Over 40 years later, a report by Observatoire des armements, showed previously classified documents featuring records by technicians from the Service Mixte de Controle Biologique (SMBC) – a body created by the CEA to collect and analyse biological samples during and after explosions – in which the amounts of radiation found in unwashed salad four days after Aldebaran were 666 times the regular amount. Drinking water presented six times more radioactive activity than usual, while the examined soil carried 50 times more radiation than normal. Almost three months later, a survey indicated that the levels of radioactivity found in the rain in Mangareva to be an astonishing 11 million times higher than expected.

Despite having such information at hand, the CEP carried on with the nuclear tests until President Jacques Chirac permanently ceased all experiments in February 1996.

The long fight for justice

After years of fighting for recognition in the face of staunch denials of responsibility from the French state, Polynesians finally experienced a flicker of hope in 2010, when the French government implemented a law to provide compensation for the victims of French nuclear testing in Polynesia. However, in many ways, the Morin Law has created more controversy than it has proper restitution.

According to the Comité d’indemnisation des victimes des essais nucléaires (the Committee for the Compensation of Nuclear Test Victims, or CIVEN), of the 1245 cases registered since the committee’s establishment, only 147 have come from the Polynesian population. So far, only 11 cases have been approved for compensation.

The questionable efficacy of the Morin Law often relates to the secrecy with which the French Defence Ministry carries out nuclear-related inquiries: no access to files means no possibility for thorough research, thus no prospect of fair, effective and comprehensive compensation.

This information blockade has also had tangible consequences on scientific findings – something that Dr Florent de Vathaire from the Radiation Epidemiology Group at the French National Institute of Health and Medical Research (INSERM) described in his 2010 study on the cases of thyroid cancer in French Polynesia as “limited exposure data.”

“The dosimetry data on which individual dosimetric reconstructions of the article published in 2010 were based, came from reports sent by France to the United Nations after each shooting campaign. Given the political context of the time, the data was necessarily simplified,” Vathaire tells Equal Times.

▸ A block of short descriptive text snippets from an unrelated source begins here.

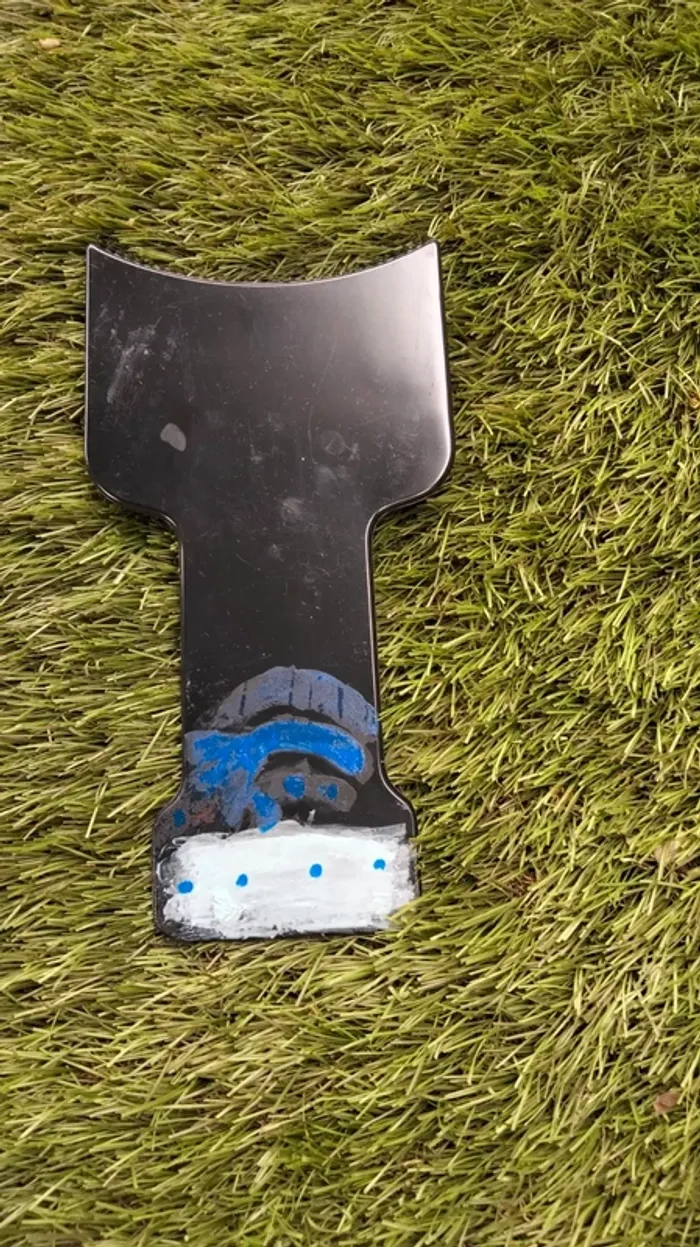 Palette à mèche avec dents large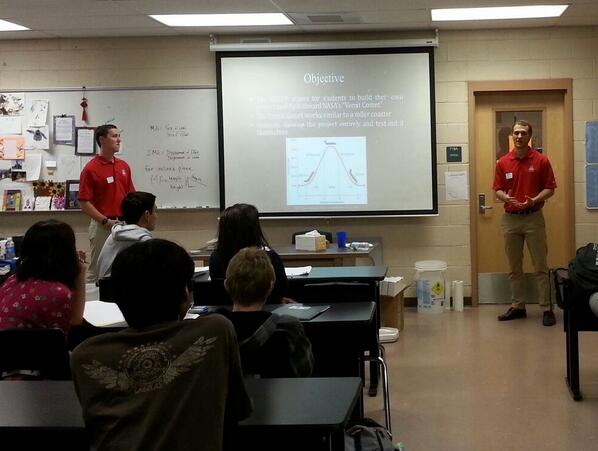 UArizona_MRT's tweet photo. Good to see all these high school students interested in STEM! #defygravity http://t.co/5zou5hFqI2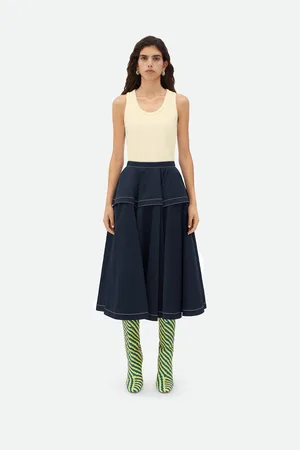 Bottega Veneta Nylon Skirt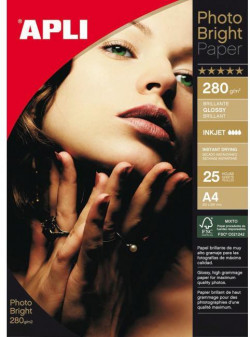 Fotopapier APLI A4 Bright, 280g, 25 hárkov
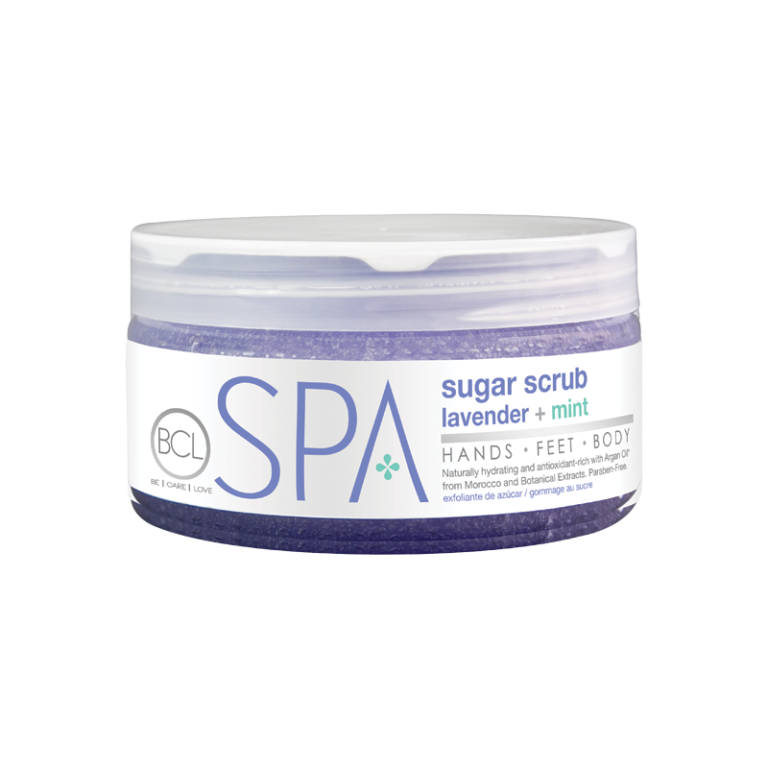 BCL SPA Sugar Scrub Lavender + Mint (8oz) 8oz-Beauty Zone Nail Supply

Despite ongoing efforts by Polynesian authorities to access documents, France still keeps most of them classified, which further increases the frustration of the Polynesians.

“Obviously, we will never have access to all the elements that could reveal, if only partially, the means to manufacture of the weapon,” says Yolande Vernaudon, from the Délégation Polynésienne pour le Suivi des Conséquences des Essais Nucléaires (DSCEN), an administrative service set up by the French Polynesian government to oversee processes related to the testing. However, she also argues that: “Some reports are classified ‘secret defence’ and whereas it seems to us that they contain no index of manufacture, they are important to enable us to trace the historical events.”

But beyond assessing the true extent of health impacts on the Polynesian population, a naked look into military documents could shine a light into other – perhaps even deeper – consequences from the nuclear period. “These last years, the focus has been mainly on the real but also supposed or even fantasised health impacts of these tests, obscuring the environmental, social and cultural impacts," Vernaudon tells Equal Times.

While France continues to neglect its responsibility, Polynesians have gathered a committee to discuss the creation of a memorial centre where archives, documents and personal testimonies will be displayed for generations to come.

“We are now preparing the specifications to recruit, by tender, a programmer scenographer who will be in charge of writing the draft detailed technical program that will allow consultation of project management,” said Vernaudon after the committee’s last meeting on 20 July 2018.

She adds that the centre has been requested by Polynesians for more than 15 years and although its content is not yet fixed, these first steps represent a new, pluralistic search for the truth.